Pediatric DKA – Spoon-Feed Version

פוסט זה זמין גם ב: עברית

Written by Clay Smith

Spoon Feed
Managing pediatric DKA requires fluid, insulin, intense monitoring, and being ever watchful for cerebral edema. This covers best practices.

Why does this matter?
DKA in children is a common and serious health issue. It occurs mainly in children with type 1 diabetes, and is present in 30% of those with a new diagnosis and occurs in 6-8% per year thereafter. This is a critical care diagnosis we need to be really good at managing.

The sickest kids we can actually help

Clinical Features

  • We’re familiar with polyuria, polydipsia, weight loss, and fatigue.

  • In younger, incontinent children, polyuria is much easier to miss.

  • Once DKA occurs, vomiting, headache, and abdominal pain are common.

  • BP is usually normal. Hypertension is relatively common, despite serious volume depletion; it’s related to counterregulatory hormones, high ADH, and is not at all reassuring. It is associated with cerebral edema.

  • As disease progresses, patients become more altered and Kussmaul respirations occur.

Diagnosis/Labs

  • Hyperglycemia >200 mg/dL

  • Acidosis: bicarbonate <15 meq/L, pH <7.3*, beta-hydroxybutyrate > 30 mg/dL (3 mmol/L), or urine ketones moderate to large

  • Check a pregnancy test when indicated. Corrected serum Na = measured sodium [1.6 (glucose 100)/100]. Acute kidney injury is common. Elevated BUN is associated with cerebral edema. Hemoglobin A1C can help determine longer-term glucose control.
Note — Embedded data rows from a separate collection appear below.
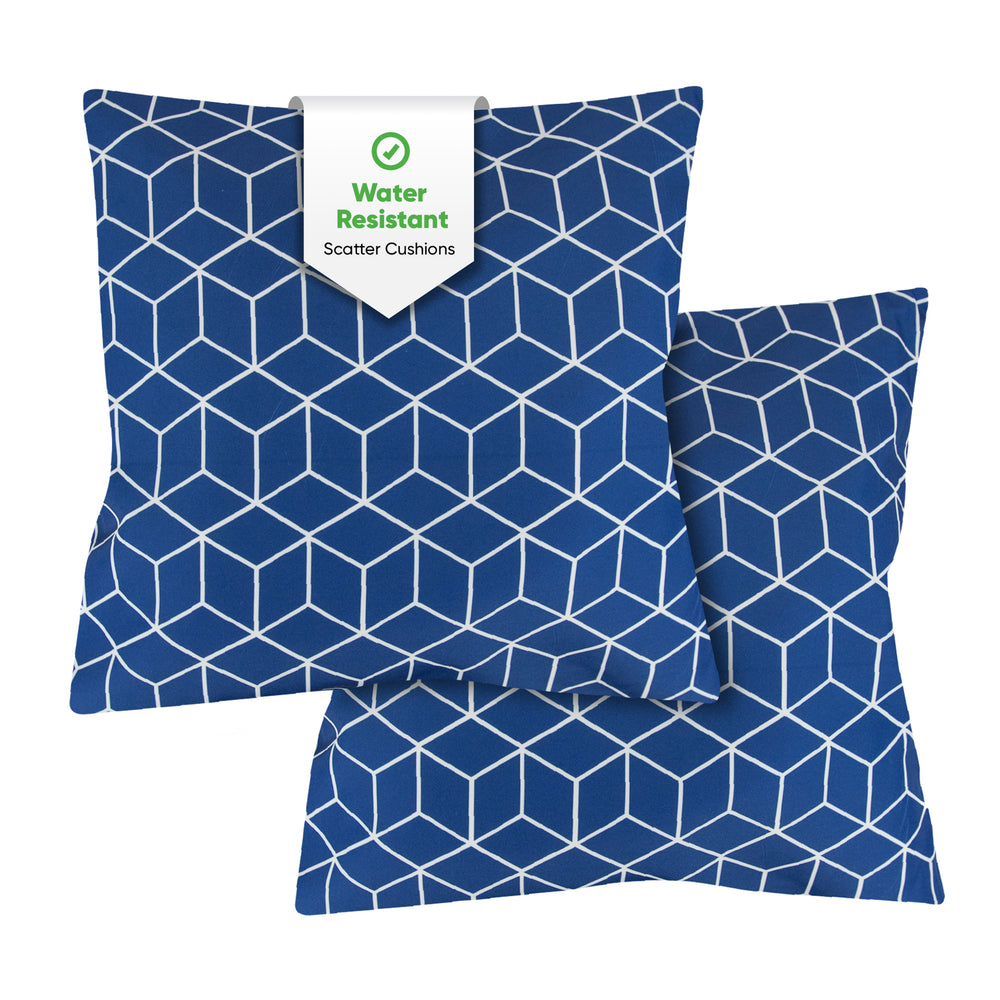 Pair of Outdoor Scatter Cushions – Blue Cube Design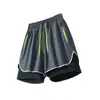 Pantalones Cortos Deportivos de Fitness Estilo Americano para Hombre, Shorts de Running con Forro Interior, Dos en Uno de Entrenamiento Anti-Exposición de Tres Puntos de Baloncesto Casuales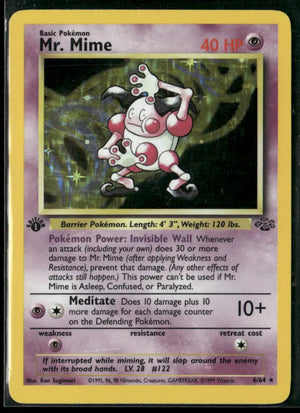 1999 Pokemon Jungle 1st Edition Holofoil Mr. Mime 6/64 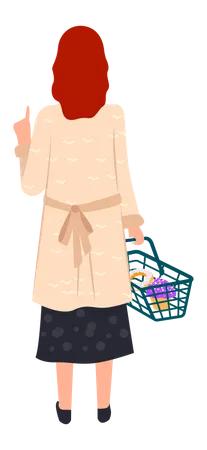 Female buyer with shopping basket  Illustration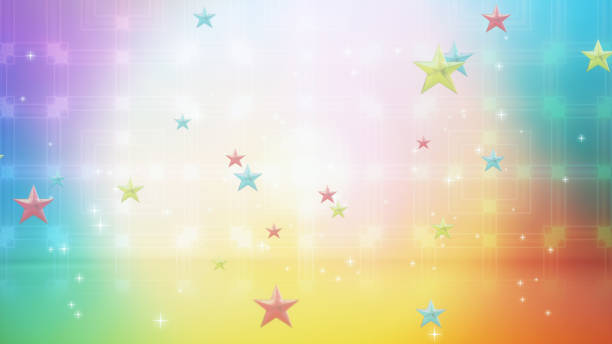 3d Animation Flying Colorful Stars with Mixed Color Light Abstract Background, Birthday and special occasion celebration concept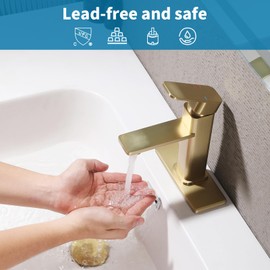 Weshi Bathroom Faucet, Modern Single Hole Bathroom Basin Faucets, Brass Lavatory Leak Free Basin Faucet Mixer with 1 Hole or 3 Hole Mount 6-Inch Deckplate Included (Brushed Gold)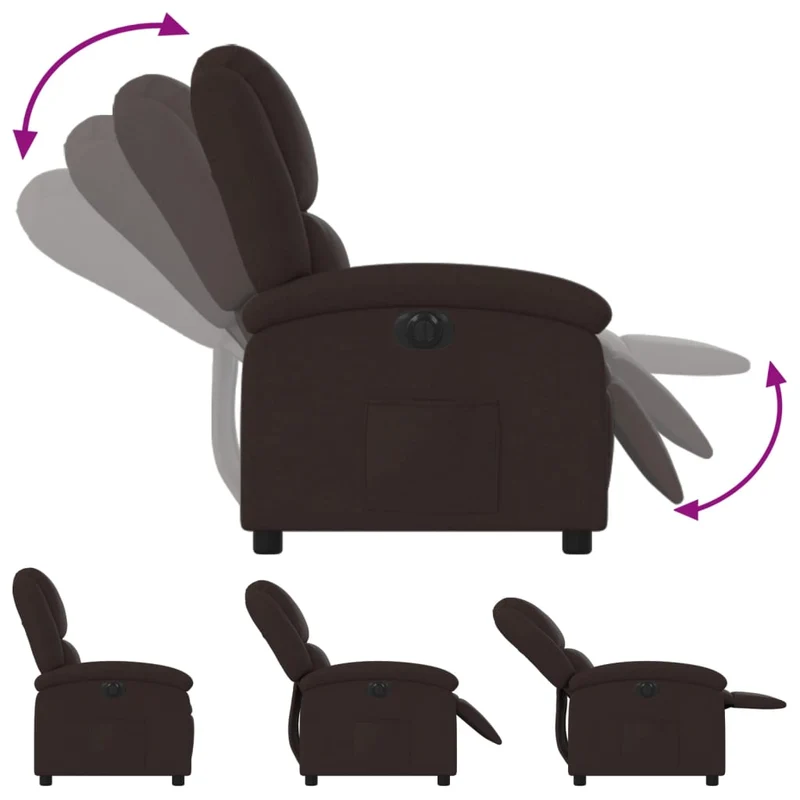 Fauteuil relax TV fonction d'inclinaison électrique très confortable en tissu marron foncé DEC028413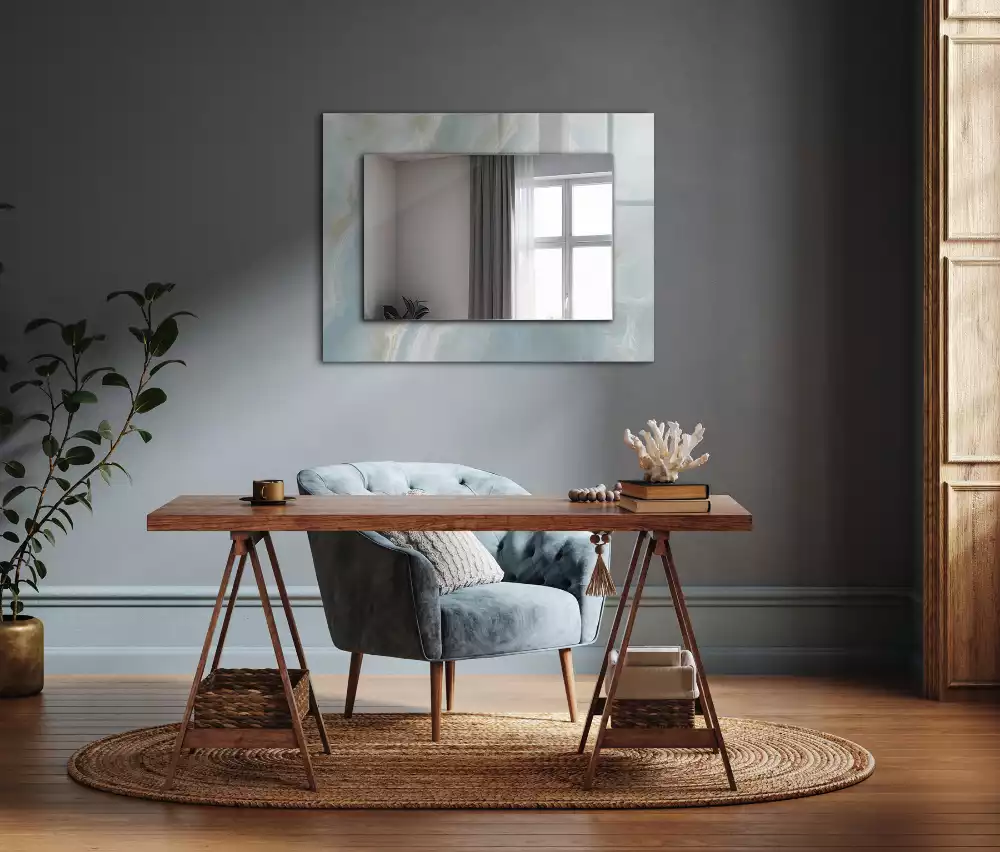 Miroir rectangulaire décoratif marbre onyx bleu clair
Potassium may measure high from ion shift to the extracellular space, but patients are always total body potassium depleted. Non-specific leukocytosis is common.

Treatment – you may want to check this DKA protocol from TREKK.ca

  • Fluid – A 10-20 mL/kg NS bolus is fine to give and won’t cause cerebral edema. There is debate over NS vs LR in children.
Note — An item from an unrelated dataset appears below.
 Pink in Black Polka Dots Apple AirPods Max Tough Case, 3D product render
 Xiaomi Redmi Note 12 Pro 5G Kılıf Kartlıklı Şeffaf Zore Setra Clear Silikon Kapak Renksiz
    • Give 0.9% or 0.45% saline by infusion after that – 1.5x maintenance IV fluid rate if pH > 7.1; 2x MIVF rate if ≤ 7.1.
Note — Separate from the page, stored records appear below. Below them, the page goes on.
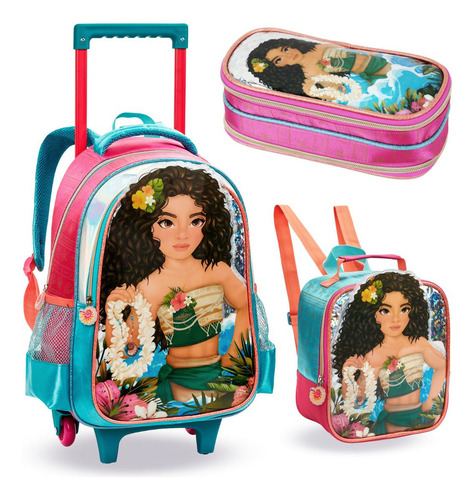 Mochila De Rodinhas Lancheira Estojo Iantil Escolar Cor Rosa Desenho Do Tecido Moana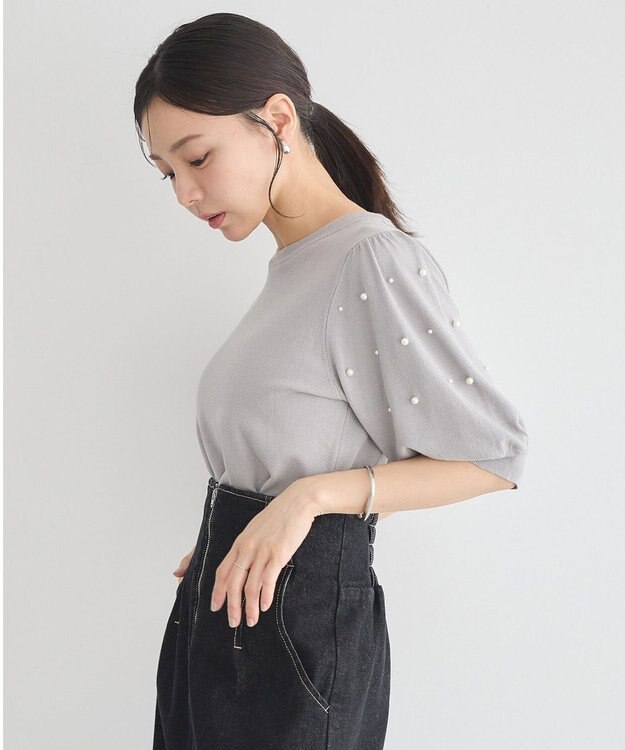 earth music&ecology パールスリーブニットプルオーバー Gray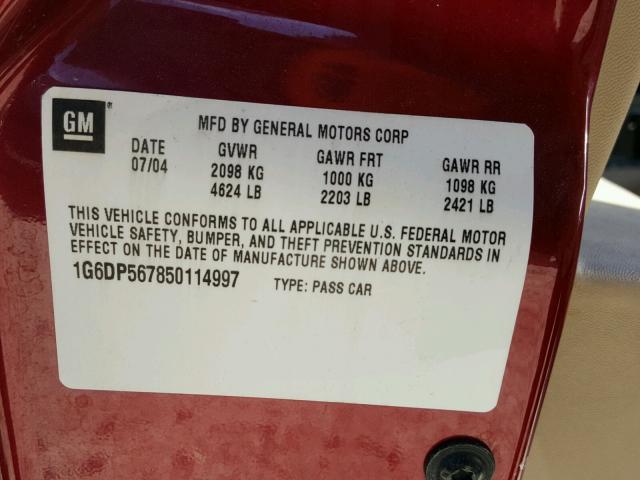 1G6DP567850114997 - 2005 CADILLAC CTS HI FEA RED photo 10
    • Add electrolytes: When serum potassium drops below 5 meq/L, add 20 meq/L KPO4 and 20 meq/L K acetate.

    • Add dextrose. We use the two-bag method: 0.45% saline + electrolytes + D10 in bag 1; 0.45% saline + electrolytes + no dextrose (D0) in bag 2. When glucose > 300 mg/dL, give all the fluid rate without dextrose. When glucose 200-300, give half the IV fluid rate as D10, half as D0 (effectively equals D5). When glucose <200, give all fluid with D10.

  • Insulin – Don’t bolus insulin in children. I see this mistake all the time. Please don’t do this.

  • Try not to intubate these kids. They have very high minute ventilation, and if you don’t keep up, they will have potentially fatal respiratory + metabolic acidosis.

  • Try to avoid central lines, as they are at higher risk of DVT when used in children with DKA.

  • These children need hourly glucose checks and Q2-3h VBGs and Q3-4h BMPs.

  • Most children will get admitted; if severe acidosis is present, admit to the ICU. If you need to transfer the patient, a skilled pediatric critical care transport team is highly recommended.

Cerebral Edema

  • This occurs in <1%. It is more common in younger, more acutely ill patients with more profound metabolic derangements. It has nothing to do with fluid tonicity or rate. Some studies have shown an association with sodium bicarbonate boluses.

  • This is a clinical diagnosis, based on mental status and vital signs. It is not a CT diagnosis. You can get a head CT later, but ALWAYS treat first before going to CT. Clinical signs are: worsening headache, altered mental status, age-inappropriate incontinence, Cushing’s triad.

  • Treatment is 3% saline 3-5mL/kg** rapidly (our protocol is over 10 minutes) or mannitol 0.5-1 g/kg (article has a typo and says mg/kg, which is incorrect). I would recommend 3% over mannitol.

* Correction: original post said pH <3.
** Correction: original post said 3-5mL and should be 3-5 mL/kg.

Source
Managing Diabetic Ketoacidosis in Children. Ann Emerg Med. 2021 May 6;S0196-0644(21)00160-8. doi: 10.1016/j.annemergmed.2021.02.028. Online ahead of print.